Nibbana & Enlightenment

1 How is Nibbana different from the ever­lasting heaven, as taught in some religions?
2 What is Enlightenment?
3 Can one become enlightened while being a family person?
4

How should a Buddhist handle emotions like being insulted or provoked to anger?
Does an enlightened person feel angry at all
?

5 How would you recognise an enlightened person? Are there any enlightened persons in the present day?

 

Q.


A.

How is Nibbana different from the ever­lasting heaven, as taught in some religions?

Nibbana (Nirvana in Sanskrit) is not a realm of existence or heaven. It is a state attained by the complete liberation from dukka, by the complete elimination of the root cause, which is craving (tanha). A person who has attained the state of Nibbana will no longer acquire kamma that keeps the cycle of life going, hence there will no longer be rebirth.

Nibbana cannot be described in terms of our normal experiences, which are so limited. Therefore Nibbana is generally described in negative terms such as 'extinction of desire', 'extinction of hatred', 'Unconditioned' (conditions that produce cause and effect), 'Cessation' (of continuity) etc.

A person who has attained Nibbana experiences a state of supreme joy that comes from being completely free from attachment, free from hatred, free from delusions.

Nibbana can be attained in this life, not after death. As this is a long and difficult process, the success of attainment in this life very much depends on whether the person had practised the path in his/her previous lifetimes. The Buddha and many of his followers attained this state during their own lifetimes.

 

Q.

A.

What is Enlightenment?

Enlightenment is the ultimate state of spiritual development attained by the complete eradication of craving and release from the endless cycle of life. An enlightened person will have developed an intuitive wisdom (sati panna) which enables him or her to see clearly the true nature of the world, i.e. the three characteristics of existence, namely, dukkha (suffering), anicca (impermanence or the transient nature of things) and anatta (non-existence of a permanent soul).

An enlightened person enjoys a state of supreme joy which comes from being entirely free from cravings and attachments.

The path to Enlightenment is the Noble Eightfold Path as taught by the Buddha.

One who has entered the first stage of enlightenment has a glimpse of Nibbana and is called a Sotapanna (Stream winner or enterer): the stream meaning the Noble Eightfold Path. At this stage, he has eradicated three of the ten fetters. That is, wrong views, doubts and adherence to wrongful rites and rituals. A Sotapanna will be reborn no more than seven times.

By continuing to develop Insight, he enters the second stage, Sakadagami (once-returner). He will be reborn in the human plane only once. At this stage, he has reduced two further fetters, sense desires and ill will. Thoughts of lust and anger may still be present, but to a lesser extent.

Continuing to progress, he reaches the third stage, in which above two fetters are completely eradicated. He is now known as Anagami (Non-returner). An Anagami will be reborn in a celestial plane (called a Pure Abode) before finally attaining Nibbana.

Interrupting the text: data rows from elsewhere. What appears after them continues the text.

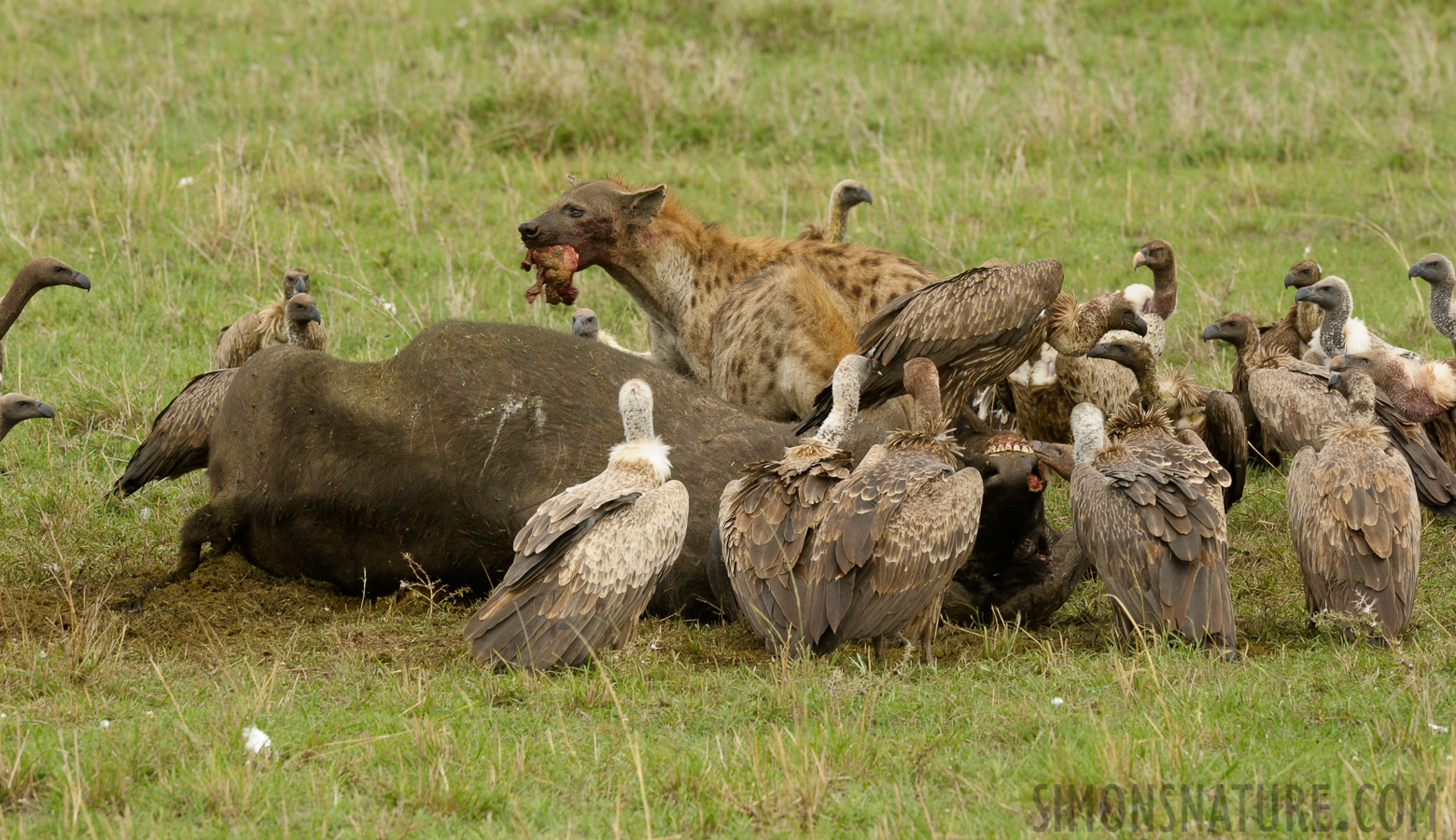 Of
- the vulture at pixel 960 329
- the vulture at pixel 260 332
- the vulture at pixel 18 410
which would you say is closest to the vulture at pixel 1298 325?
the vulture at pixel 960 329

At the final stage of sainthood, the remaining five fetters are completely eradicated and he becomes an Arahant. The five fetters are: attachment to material planes of existence, attachment to immaterial planes of existence, pride, restlessness, and ignorance.

On death, an arahant attains the state of parinibbana (complete nibbana), and there is no more rebirth.

 

Q.


A.

Can one become enlightened while being a family person?

One who follows the Noble Eightfold Path can enter the 'stream' leading to enlightenment and progress further in the spiritual path while leading an ordinary life. The life of a monk, free from responsibilities and toils of normal life will no doubt help the spiritual progress. The ancient texts describe many instances where lay persons have attained enlightenment at the time of the Buddha. Usually, such persons would have followed a path of spiritual development in their previous existences.

A person who has reached the final stages of enlightenment will no longer have any desire to continue in a domestic environment.

 

Q.



A.

How should a Buddhist handle emotions like being insulted or provoked to anger?
Does an enlightened person feel angry at all
?

Vippasana meditation develops awareness of thoughts such as anger or lustful desires when they arise. With practice, it will be possible to observe in a detached and objective manner these emotions as they rise and fall. By not reacting to these emotions as they arise, they will gradually dissipate and lose their power. It is important to realise this is not a case of suppressing emotion, which could lead to psychological problems. A fully enlightened being (an Arahant) has completely eradicated mental defilements such as anger, lust, ill will etc: such thoughts simply do not arise in him.

 

Q.


A.

How would you recognise an enlightened person? Are there any enlightened persons in the present day?

There are no obvious outward signs, but one could observe that such a person remains calm under most hostile conditions, even when facing a life threatening situation. He will go about his tasks in a calm and mindful way. He will not get angry or desire wealth or social position, since unwholesome states of mind such as greed, hatred and delusion are completely absent in an Arahant.

There may well be enlightened persons existing today - most certainly a truly enlightened person will not divulge his achievements!